Guiding Your Team’s Soft-skills Development with DISC

A Case Study on a Behavioral Approach to Performance Reviews using the DISC Profile

The task of performance reviews can be quite daunting. Managers often meet the challenge of sharing gaps in their team members’ performance, however relying on your team's DISC profile results can be a useful tool in this situation as it allows for constructively discussing sometimes difficult topics. In particular, soft skills are not quickly or easily adopted due to the nature of how they are developed. Sometimes described as enduring human attributes, soft skills such as empathy, curiosity, imagination, resilience, teaming, and adaptive thinking, among others, are innate and developed through involvement and exposure in one's experience. An individual's DISC profile provides a straightforward assessment of natural soft skills and gaps that require a determined effort to develop. While not absolute, a DISC personality profile gives a better sense of those experiences and approaches someone has aligned themselves to. Pointing out the gaps or the blind spots from a disc assessment can provide a start to a more productive performance review.

Here is a workplace example of what this might look like in practice for a manager seeking to mentor their team members and the individual who needs to adapt their behavior based on this review.

The situation:

The organization is in danger of stagnating based on the set manner they meet their customer needs. The work required by Tina's team involves working across multiple teams in a more agile manner to quickly change direction in order to serve the needs of the customer better. Tina's team consists of four direct reports, one from each of the four major DISC model dimensions (Dominance, Influence, Steadiness, Conscientiousness).

The solution:

Tina's approach to soft skills development within her team relies heavily on overviewing their behavioral style strengths initially and then offering an action plan to improve upon any gaps or DISC style limitations.

Approach to the high "D" personality (Dana)

Evaluation: Tina emphasizes Dana is excellent at critical thinking, sense-making, and resilience, but is less empathetic. Her communication is sharp and brusque, which has caused issues in working across the organization.

Action: Tina discusses with Dana the importance of empathizing with other employees and being more sociable in her conversations. She also describes how it will affect Dana getting the results she wants and the effect on the new agile approach.

Result: Linking results to simple changes in how she operates was key to Dana altering her behavior. She learned to recognize how negatively some people perceived her interactions, which was not her intention. She could only change this by consciously putting in new ways of writing emails, adjusting non-verbal communication, and making small-talk a habit before getting down to business.

Approach to the high "I" personality (Ivan)

Evaluation: Tina is well aware Ivan has an abundance of curiosity, listening, imagination, and creativity. But he is less reliant on critical thinking and accuracy. Ivan's continuously active imagination and brainstorming are strengths that become a limitation as he has difficulty settling on a single course of action.

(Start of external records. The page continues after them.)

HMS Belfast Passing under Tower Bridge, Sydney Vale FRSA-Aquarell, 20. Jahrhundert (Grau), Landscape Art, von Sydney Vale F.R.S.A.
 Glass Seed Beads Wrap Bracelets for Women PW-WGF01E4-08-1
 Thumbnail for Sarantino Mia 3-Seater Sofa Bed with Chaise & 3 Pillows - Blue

Action: Tina worked with Ivan to understand how his behavior influenced other team members and adjacent departments. People respect and appreciate his imagination and creativity, and willingness to adapt to new ideas. The problem is the constant shifting between approaches, which has been problematic to the team and organization.

Result: The changes Ivan made were implementing his ideas with the team and getting to a joint outcome by a specific time. He created a mantra for himself he uses when he is still ideating, "On time and in scope, is better than a missed deadline and the potential for a marginally better result."

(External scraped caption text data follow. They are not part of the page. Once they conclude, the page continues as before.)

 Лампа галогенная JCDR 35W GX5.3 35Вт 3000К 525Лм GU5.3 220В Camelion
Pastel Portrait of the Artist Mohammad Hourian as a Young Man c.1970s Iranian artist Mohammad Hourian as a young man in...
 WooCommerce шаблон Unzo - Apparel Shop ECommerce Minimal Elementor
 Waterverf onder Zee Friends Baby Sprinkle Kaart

Approach to the high "S" personality (Sarah)

Evaluation: Tina understands Sarah has strong emotional intelligence and treats others with respect and empathy. Her penchant for friendliness and stability makes it hard for her to handle and direct change.

Action: Tina carefully describes to Sarah the stability of the team, and the organization overall, requires change by everyone in the firm. Tina lets Sarah know she is counting on her to be a standard-bearer for change within the team.

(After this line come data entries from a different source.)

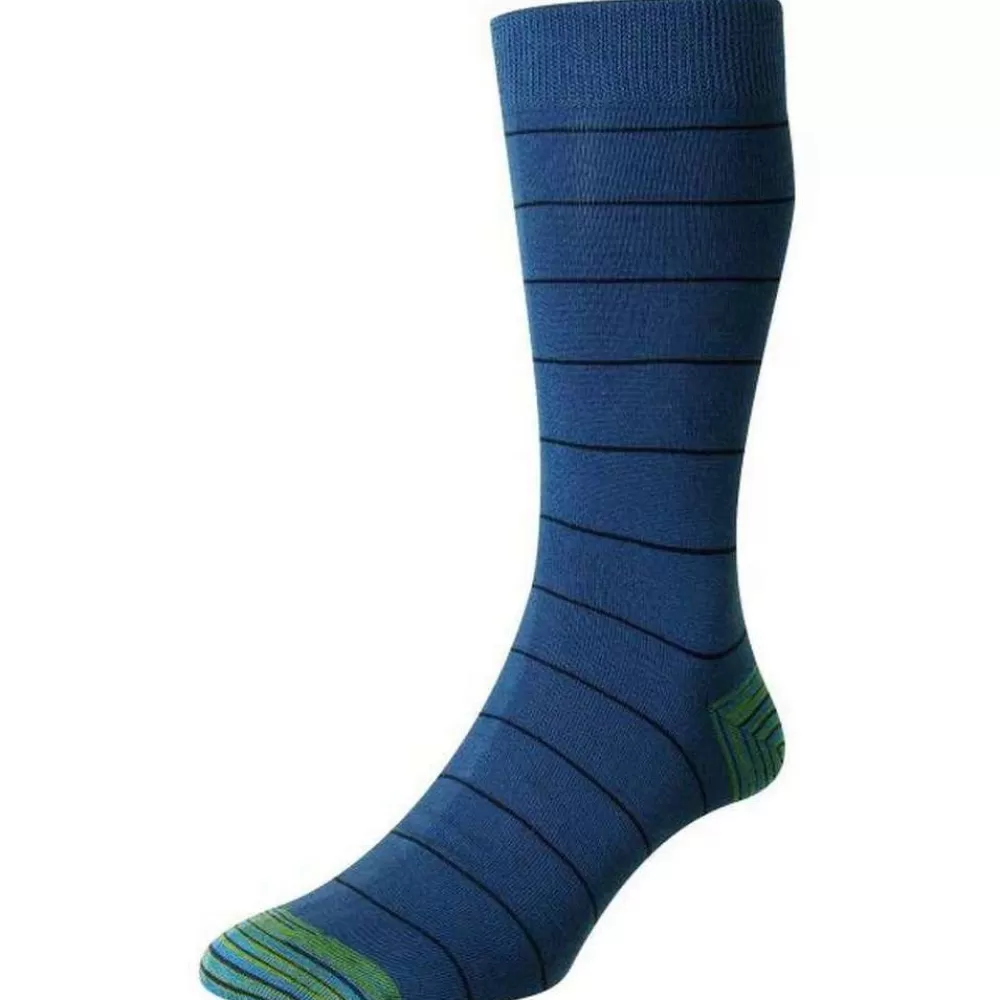 Pantherella Men's Socks^Blue Nomura Thin Stripe Space Dye Organic Cotton Socks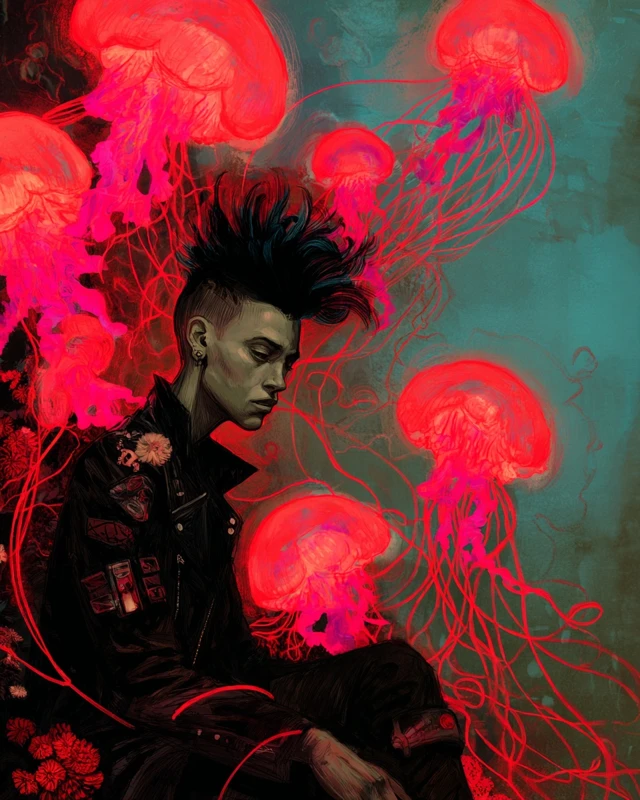 Scyphozoapunk Art Illustration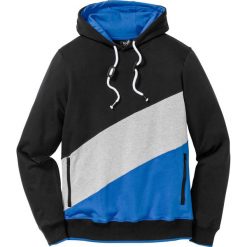 Bluza z kapturem Regular Fit bonprix czarno-jasnoszary melanż - lodowy niebieski. Czarne bluzy męskie bonprix, xxl, bez wzorów, z kapturem, bez rękawów, z kapturem. Za 99,99 zł.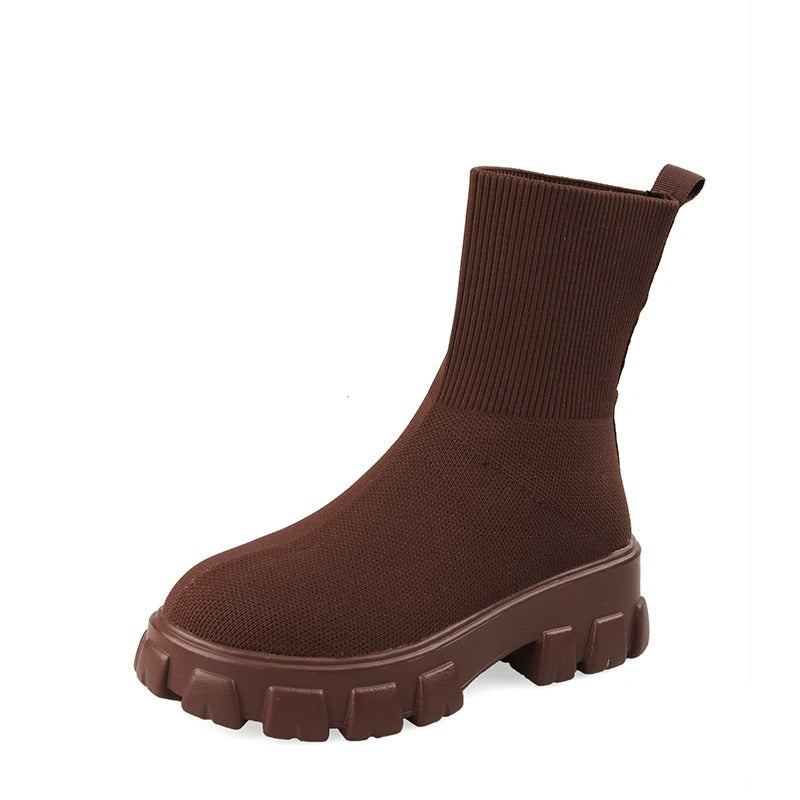 GS Knit Boot | Comfortabele geweven laars met dikke zool voor dames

Result: Sarah's loyalty to her leader, the team, and the organization fueled Sarah to make changes in how she worked. Sarah, very careful, was quick to communicate with Tina about the changes she envisioned. Tina understood every small change was a win for Sarah, so she responded with speedy replies.

Approach to the high "C" personality (Chris)

Evaluation: Tina values Chris's need for accuracy and precision, but these same attributes cause Chris to sticks to her guns when people do not follow the rules as she understands them. Chris's rules sometimes seem arbitrary and unyielding, and she could team better by listening more to other's points of view.

Action: Tina lets Chris know the team is moving quickly and changing its approach, so it’s ok to act even if there is no perfect answer. To move forward as fast as possible, sharing her first guesses with the team is encouraged.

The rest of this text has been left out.